The Malaysian government risks putting itself at loggerheads with the people if it continues to crack down on freedom of speech, HRW Asia Division deputy director Phil Robertson told a press conference in Kuala Lumpur today.

"They (the government) are also trying to put the Internet genie into the bottle and go back to the times when the government can control what is being printed in newspapers," Robertson said.

"The proposed changes to the CMA are very worrisome," he said, adding that the existing provisions in this law are already very vague in defining what would be deemed as offensive posts.

Among others, Robertson cited provisions under Section 211 of the CMA, which covers prohibitions on offensive content and includes contents with intention to "annoy or harass" another person.

"What is annoying? A person riding a motorcycle really loudly is annoying to me...," he said.

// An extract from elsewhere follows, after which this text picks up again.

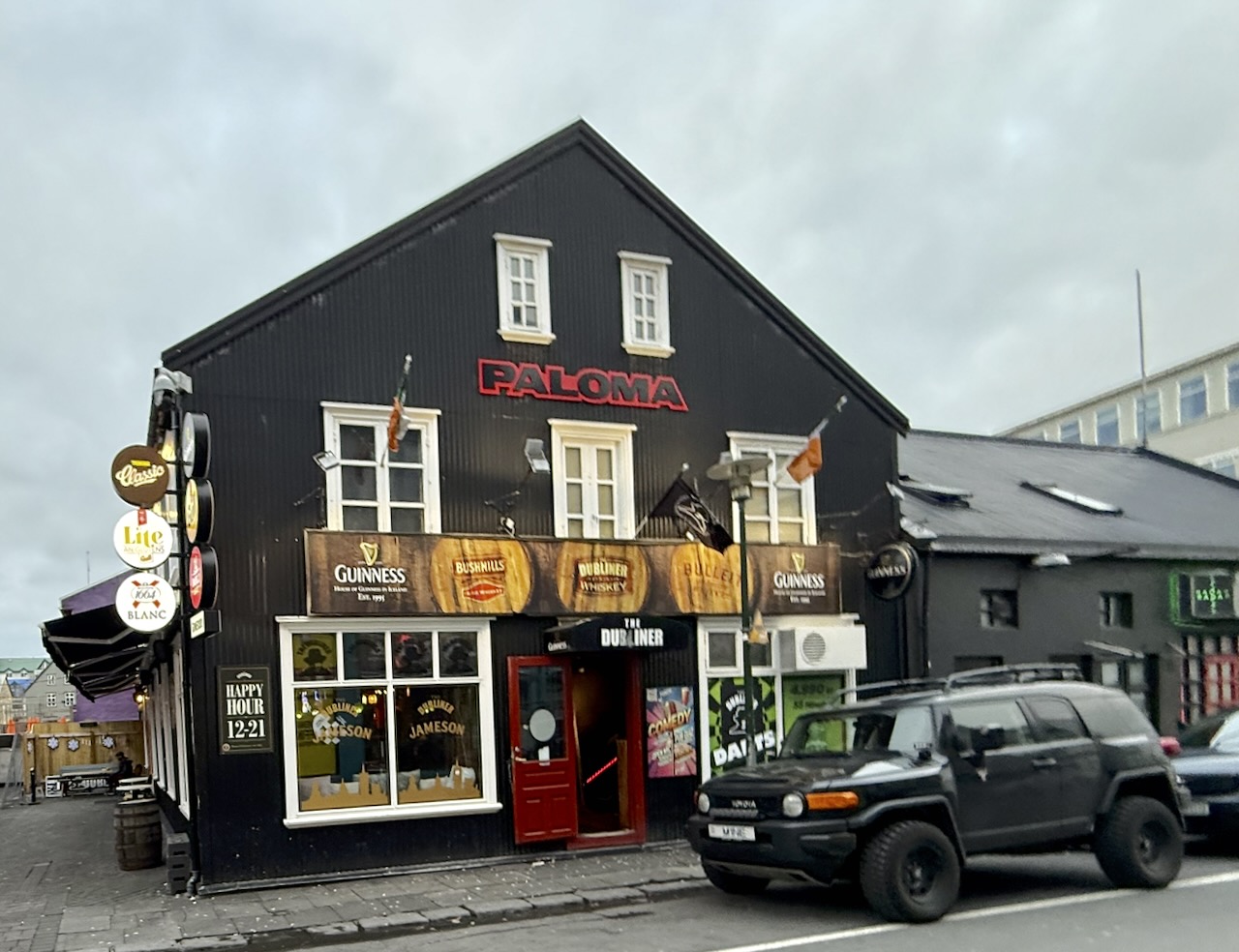 the-dubliner-bar-naustin-reykjavik-Iceland - 1 mynd af Litla Dubliner, írskum bar við Frakkastíg 9 í Reykjavík. Húsið er skreytt litríku veggjaklæði með öldum og sjávarþema, ásamt merkjum fyrir bjórtegundir eins og Gull, Lite, Boli, Blanc og Guinness. Viðarveröndin fyrir framan húsið er skreytt blómakerjum og merkingum staðarins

Total discretion to prosecute

This is on top of the proposed amendments giving broader powers and total discretion for the government to prosecute any individual, Robertson said.

Aside from individual concerns, he said, now is also the time for major international companies to speak up in defence of Internet freedom.

"This is a major challenge for Internet freedom in Malaysia.

"It is not just incumbent upon Malaysians but also companies such as Google, Facebook and Yahoo! It is time for them to step in and speak to the Malaysian government," he said.

PKR vice-president Tian Chua, who was also present at the press conference, noted that many Malaysians were not aware of the going-ons in Parliament, including on debates and the passing of new laws.

"The passing of a law often goes unnoticed, but the authorities hope that after this (the CMA amendment bill) has been passed, it will reshape how people use social media," said Tian Chua, the Batu MP.

The press conference was also held to launch HRW's latest report on Malaysia - Deepening the Culture of Fear (The Criminalisation of Peaceful Expression in Malaysia) - a follow-up to a report it released in October last year.

The report, among others, records the government's ongoing criminalisation of freedom of expression between October last year and September this year.